Mr. Parnell was not open to impressions of this order. He had a long memory for injuries, and he had by no means satisfied himself that the same injuries might not recur. As soon as the general election was over, he had at once set to work upon the result. Whatever might be right for others, his line of tactics was plain—to ascertain from which of the two English parties he was most likely to obtain the response that he desired to the Irish demand, and then to concert the procedure best fitted to place that party in power. He was at first not sure whether Lord Salisbury would renounce the Irish alliance after it had served the double purpose of ousting the liberals from office, and then reducing their numbers at the election. He seems also to have counted upon further communications with Lord Carnarvon, and this expectation was made known to Mr. Gladstone, who expressed his satisfaction at the news, though it was also made known to him that Mr. Parnell doubted [pg 275]
Views Of Mr. Parnell
Lord Carnarvon's power to carry out his unquestionably favourable dispositions. He at the same time very naturally did his best to get some light as to Mr. Gladstone's own frame of mind. If neither party would offer a solution of the problem of Irish government, Mr. Parnell would prefer to keep the tories in office, as they would at least work out gradually a solution of the problems of Irish land. To all these indirect communications Mr. Gladstone's consistent reply was that Mr. Parnell's immediate business was with the government of the day, first, because only the government could handle the matter; second, because a tory government with the aid that it would receive from liberals, might most certainly, safely, and quickly settle it. He declined to go beyond the ground already publicly taken by him, unless by way of a further public declaration. On to this new ground he would not go, until assured that the government had had a fair opportunity given them.
By the end of December Mr. Parnell decided that there was not the slightest possibility of any settlement being offered by the conservatives under the existing circumstances. “Whatever chance there was,” he said, “disappeared when the seemingly authoritative statements of Mr. Gladstone's intention to deal with the question were published.” He regarded it as quite probable that in spite of a direct refusal from the tories, the Irish members might prefer to pull along with them, rather than run the risk of fresh coercion from the liberals, should the latter return to power. “Supposing,” he argued, “that the liberals came into office, and that they offered a settlement of so incomplete a character that we could not accept it, or that owing to defections they could not carry it, should we not, if any long interval occurred before the proposal of a fresh settlement, incur considerable risk of further coercion?” At any rate, they had better keep the government in, rather than oust them in order to admit Lord Hartington or Mr. Chamberlain with a new coercion bill in their pockets.
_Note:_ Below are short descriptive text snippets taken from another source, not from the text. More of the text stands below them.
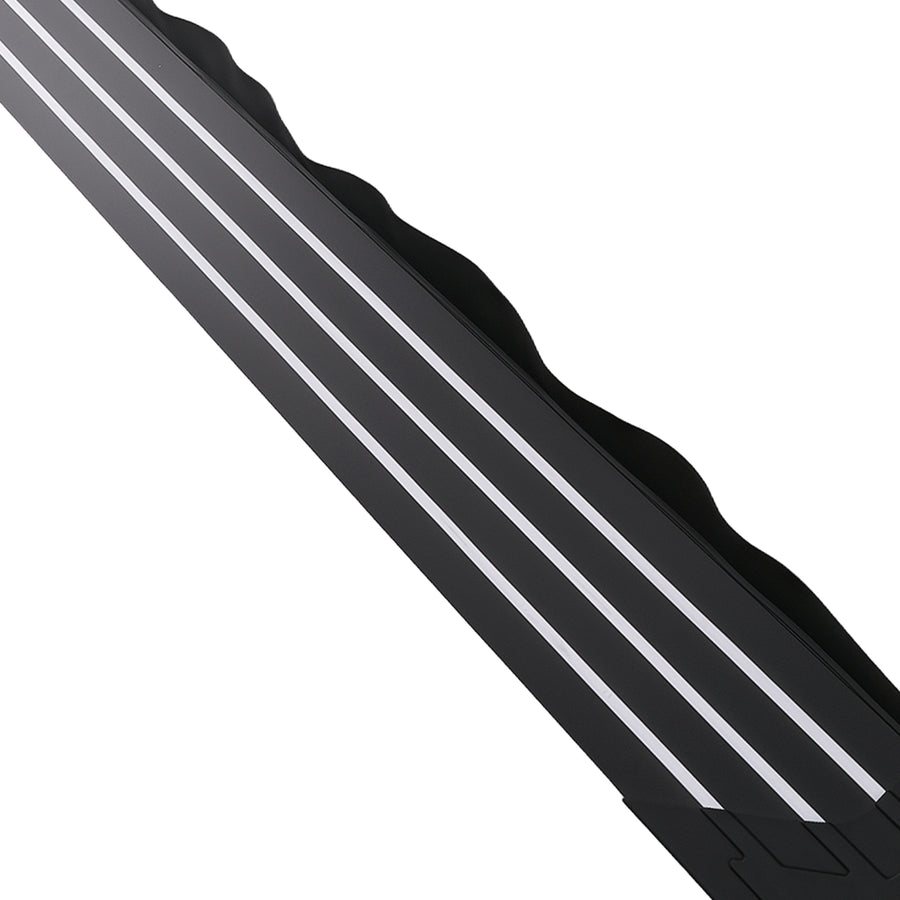 5.5 Aluminium Side Step Bars compatible for Jeep Grand Cherokee 2011-21 Non-Slip Protection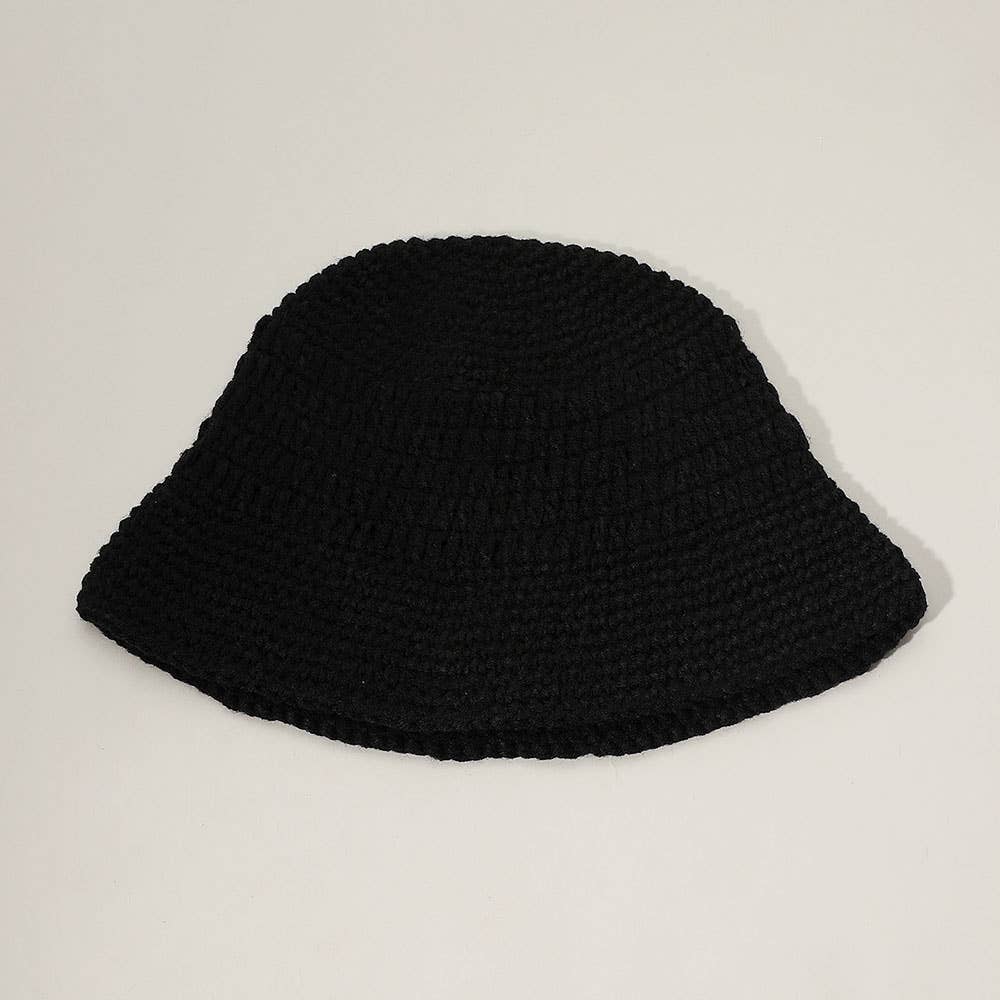 Sensibling Corp. - Vente Bob – femme - Chapeau seau en tricot au crochet0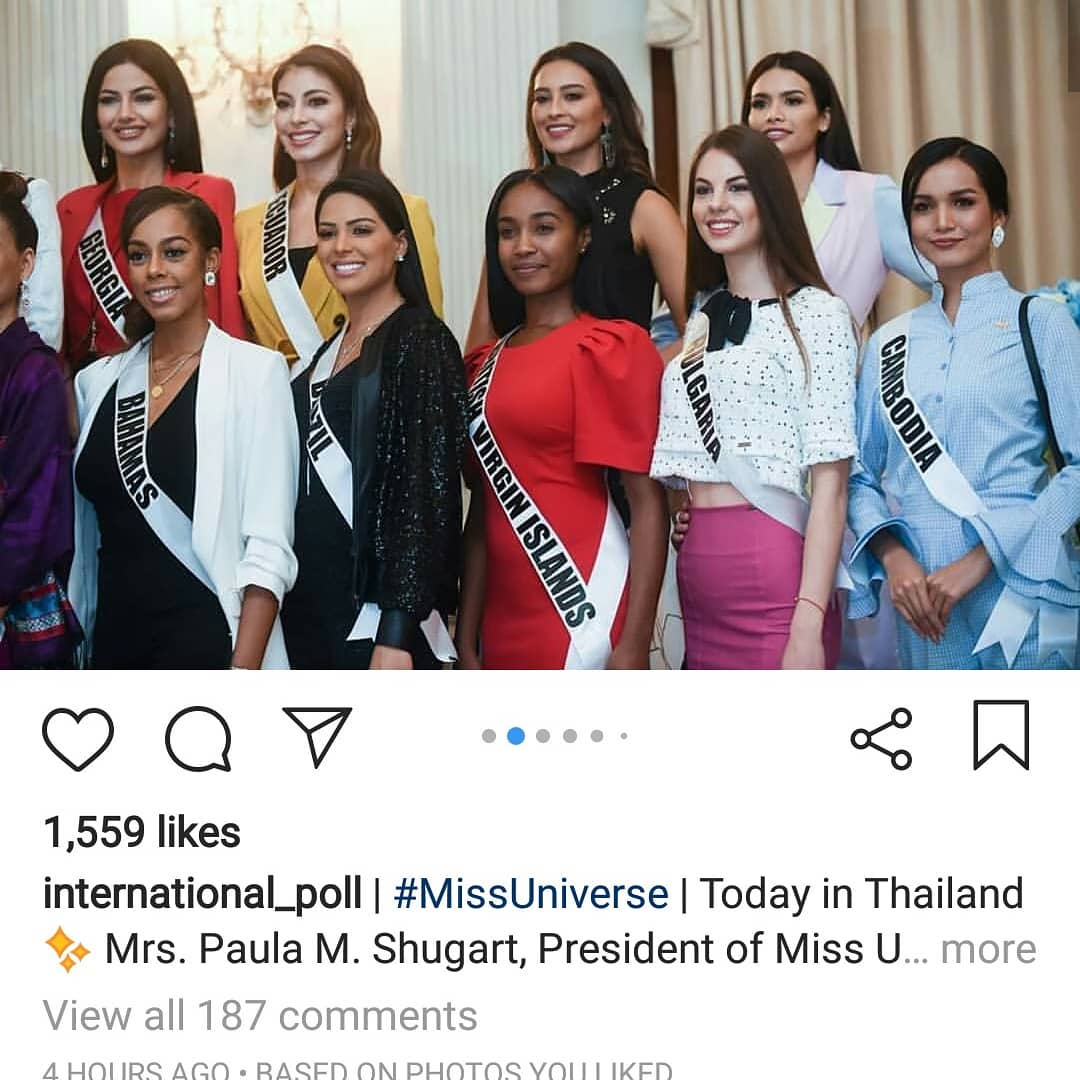 candidatas a miss universe 2018. final: 16 dec. sede: bangkok. part final. - Página 30 7cimpr10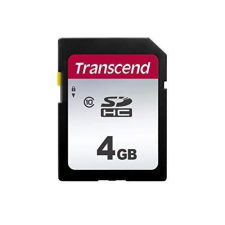 Transcend 4GB SDHC Transcend CL10 (TS4GSDC300S) memóriakártya
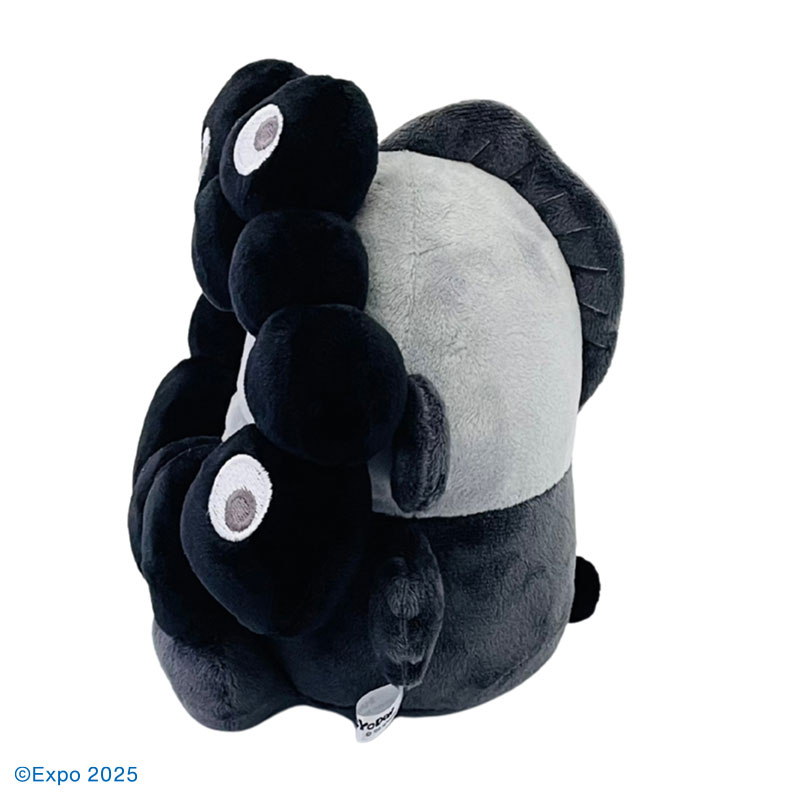 ミャクミャク×ハンギョドンのブラックぬいぐるみ」が12/9(火)10時から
Foreseeing these embarrassments, Mr. Gladstone wrote in a final memorandum (December 24) of this eventful year, “I used every effort to obtain a clear majority at the election, [pg 276] and failed. I am therefore at present a man in chains. Will ministers bring in a measure? If ‘Aye,’ I see my way. If ‘No’: that I presume puts an end to all relations of confidence between nationalists and tories. If that is done, I have then upon me, as is evident, the responsibilities of the leader of a majority. But what if neither Aye nor No can be had—will the nationalists then continue their support and thus relieve me from responsibility, or withdraw their support [from the government] and thus change essentially my position? Nothing but a public or published dissolution of a relation of amity publicly sealed could be of any avail.”
So the year ended.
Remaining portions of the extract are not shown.